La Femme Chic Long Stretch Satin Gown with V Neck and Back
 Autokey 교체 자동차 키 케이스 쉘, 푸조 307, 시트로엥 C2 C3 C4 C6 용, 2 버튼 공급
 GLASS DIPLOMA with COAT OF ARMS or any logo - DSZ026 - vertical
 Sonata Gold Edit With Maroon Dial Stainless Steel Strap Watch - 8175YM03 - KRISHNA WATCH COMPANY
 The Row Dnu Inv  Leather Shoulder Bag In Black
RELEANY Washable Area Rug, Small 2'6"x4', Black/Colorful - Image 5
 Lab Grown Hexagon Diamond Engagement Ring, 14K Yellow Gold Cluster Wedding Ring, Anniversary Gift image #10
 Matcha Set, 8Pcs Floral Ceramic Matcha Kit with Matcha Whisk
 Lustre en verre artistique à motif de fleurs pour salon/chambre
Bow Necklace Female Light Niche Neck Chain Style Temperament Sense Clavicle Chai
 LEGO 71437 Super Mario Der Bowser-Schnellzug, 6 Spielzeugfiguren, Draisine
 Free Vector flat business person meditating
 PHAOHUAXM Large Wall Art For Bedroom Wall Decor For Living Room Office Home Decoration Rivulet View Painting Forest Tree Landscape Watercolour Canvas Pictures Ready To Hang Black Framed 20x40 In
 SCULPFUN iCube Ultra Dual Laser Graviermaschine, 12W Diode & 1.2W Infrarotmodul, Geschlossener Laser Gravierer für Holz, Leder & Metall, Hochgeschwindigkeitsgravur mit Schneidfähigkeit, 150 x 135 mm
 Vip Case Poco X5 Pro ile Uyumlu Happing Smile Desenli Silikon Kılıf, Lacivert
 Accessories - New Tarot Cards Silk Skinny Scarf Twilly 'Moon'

■ ■ ■ ■ ■ ■ ■

*What is required*. Reproduce the lines above, beginning at the line with "Lustre en verre" and stopping after the line with "PHAOHUAXM Large Wall", exactly as they are.

*Answer to this problem*.
 Lustre en verre artistique à motif de fleurs pour salon/chambre
Bow Necklace Female Light Niche Neck Chain Style Temperament Sense Clavicle Chai
 LEGO 71437 Super Mario Der Bowser-Schnellzug, 6 Spielzeugfiguren, Draisine
 Free Vector flat business person meditating
 PHAOHUAXM Large Wall Art For Bedroom Wall Decor For Living Room Office Home Decoration Rivulet View Painting Forest Tree Landscape Watercolour Canvas Pictures Ready To Hang Black Framed 20x40 In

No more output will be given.